Swimming in an Ocean of Love
Photo by takahiro taguchi / Unsplash

I read an account of a near-death experience several years ago. As this man told his story, he said he had the sensation of "swimming in an ocean of love." That's what Jesus must be saying in John's Gospel this week, when he prays that we will be "in" the divine life he shares with the Father.

Seventh Sunday of Easter: John 17:20-26

Picture this: It's late at night, and Jesus knows his time is running out. In just hours, he'll be arrested, tried, and crucified. But instead of focusing on his own fear or pain, he's praying for people he's never even met – including you and me, thousands of years later.

"I ask not only on behalf of these," he says, "but also on behalf of those who will believe in me through their word."

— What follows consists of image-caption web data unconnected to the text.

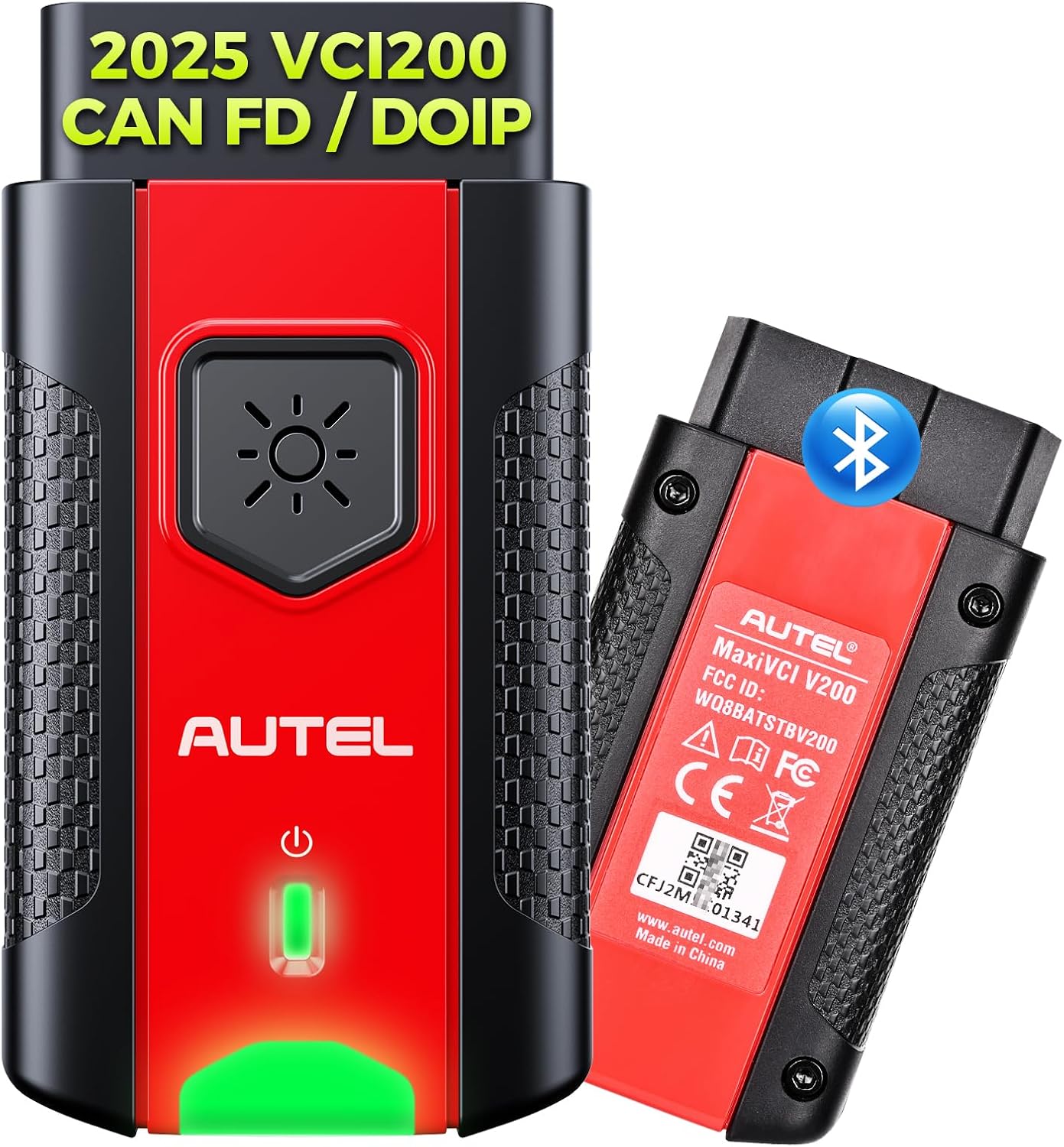 Autel MaxiVCI V200 VCI200 Wireless Dongle: 2025 VCI 200 OBD2 Connector 2.0 of VCI100 V100 Adapter Car Communication Interface for MaxiSys MS906 Pro MS906 Pro-TS S906 MAX KM100 BT608 BT609 ITS600 etc.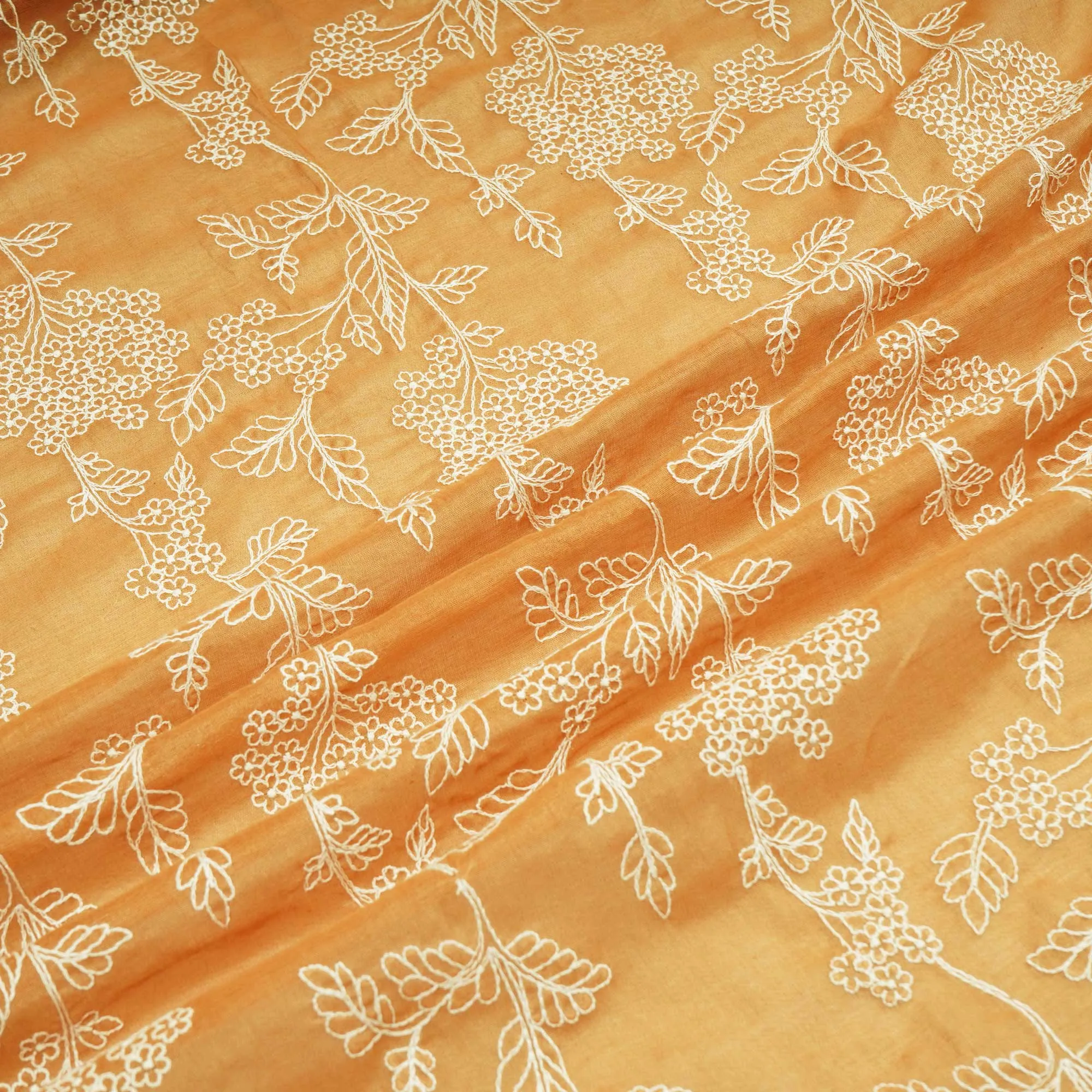 Brown Thread Embroidery Chanderi Fabric WI-24367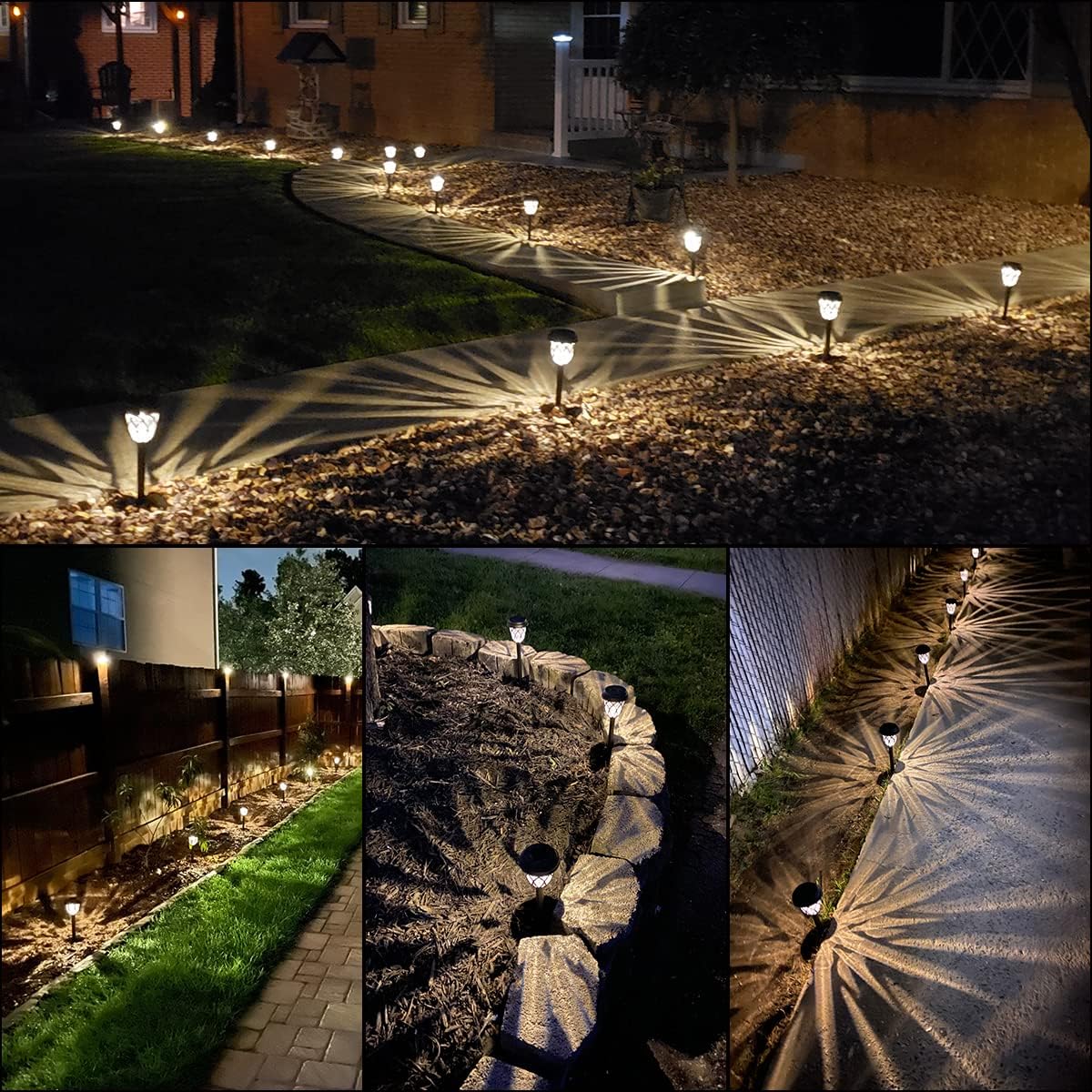 6 Pack Solar Lights Outdoor Waterproof, 12Hrs Solar Garden Lights, Outdoor Solar Pathway Lights, Landscape Lighting Path Lights for Walkway Driveway Backyard Garden Decor, Warm White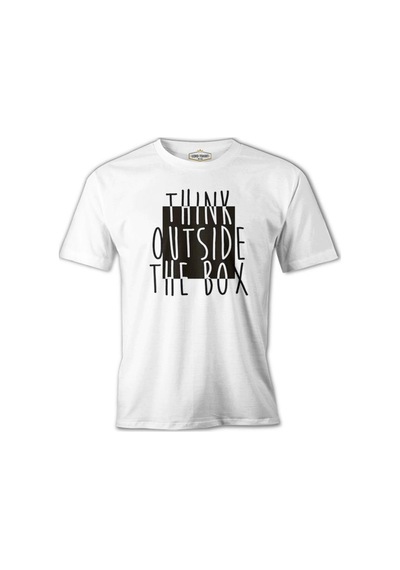 Think Outside The Box Beyaz Erkek Tshirt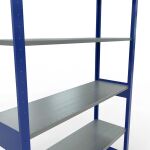 Grundregal, Fachbodenregal Stecksystem MULTIplus150, 2500 x 1300 x 400 mm (HxBxT), 6 Fachböden, Längenriegel, RAL 5010 enzianblau/verzinkt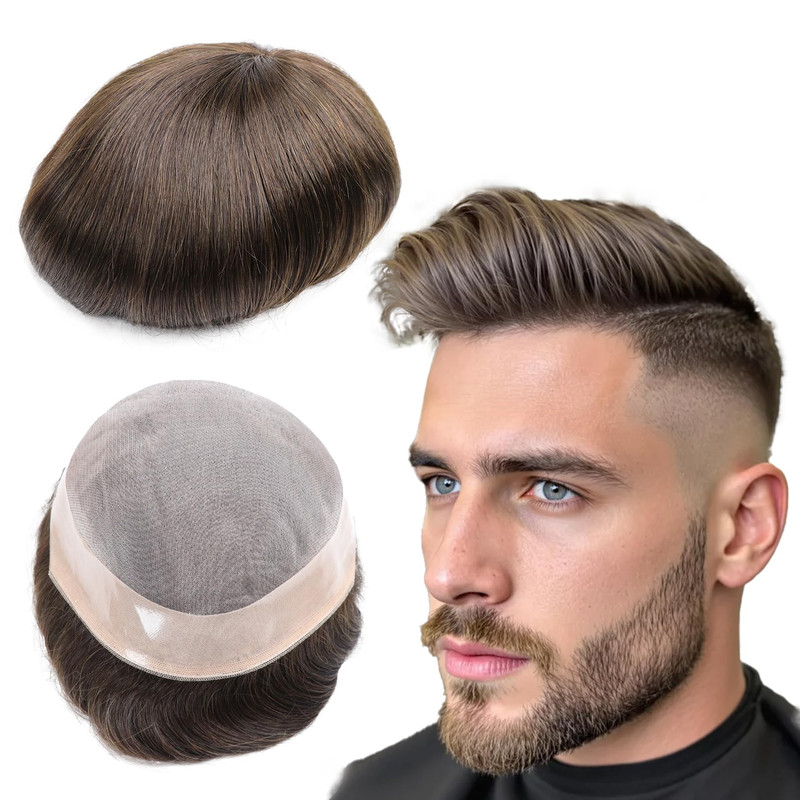 Lumeng Hair Replacement System For Men Toupee For Men Dark Brown 8X10 Inch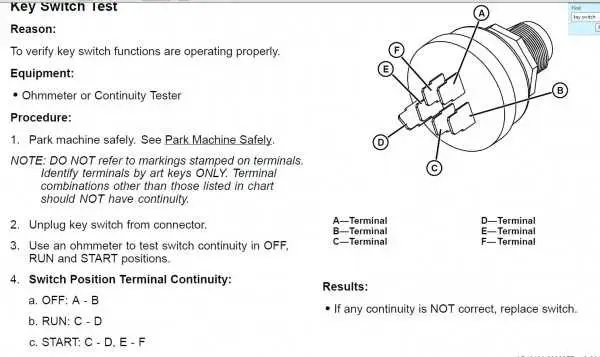 john deere 316 ignition switch diagram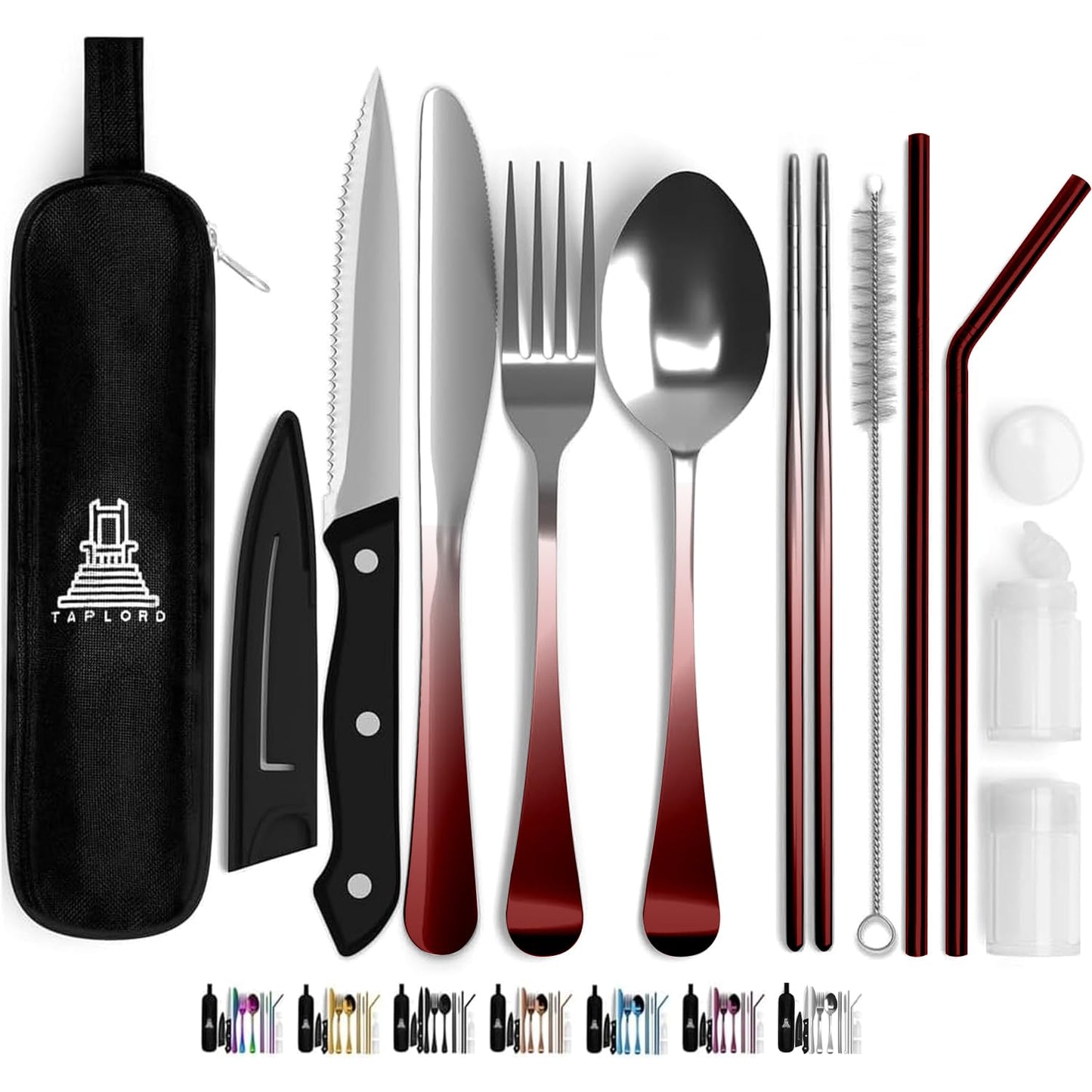 Taplord Portable Travel Silverware Set With Case - Includes 10 Pcs of Utensils, Stainless Steel Flatware For Camping, Easy to Travel, Lightweight (Red Two Tune)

That's us. In his final hours, we're on his mind.

But what he prays for might surprise you. He doesn't ask for our health, wealth, or happiness.

Instead, he prays for something far more radical: that we might experience the same intimate connection he shares with his Father.

"As you, Father, are in me and I am in you, may they also be in us."

Beyond Following to Belonging

Most of us grew up thinking Christianity was about following Jesus – being good, following rules, trying our best to live like he did. But here, Jesus reveals something deeper. He's not just asking us to follow him from a distance. He's inviting us into the family circle, into the very heart of divine love itself.

Think about the closest relationship in your life. Maybe it's with your spouse, your child, or your best friend.

·      You know how sometimes you finish each other's sentences?

·      How their joy becomes your joy, their pain becomes your pain?

·      How you find yourself naturally thinking about what would make them happy, not just what you want?

That's a glimpse of what Jesus is describing, but infinitely deeper. When he talks about being "in" the Father and the Father being "in" him, he's describing a relationship so intimate that boundaries almost disappear – not because individual identity is lost, but because love has become the shared reality.

Love as the Divine Presence

Here's where it gets really beautiful. Jesus doesn't just pray for us to experience this unity – he tells us how it works.

 "I made your name known to them," he says, "so that the love with which you have loved me may be in them, and I in them."

Did you catch that? The love that flows between Jesus and his Father – that same love – can actually live inside us. It's not just something we try to imitate from the outside. It becomes the reality we live from on the inside.

This changes everything about how we understand love.

·      When you forgive someone who hurt you, you're not just being nice – you're participating in divine mercy.

·      When you sacrifice your comfort to help another person, you're not just doing a good deed – you're sharing in the same self-giving love that created the universe.

·      When you look at someone society overlooks and see their dignity, you're seeing with divine eyes.

The Ancient Secret in Modern Life

This isn't just lofty religious poetry. It's describing something our ancestors understood but we've forgotten: that human love and divine love aren't separate categories. They're part of the same reality.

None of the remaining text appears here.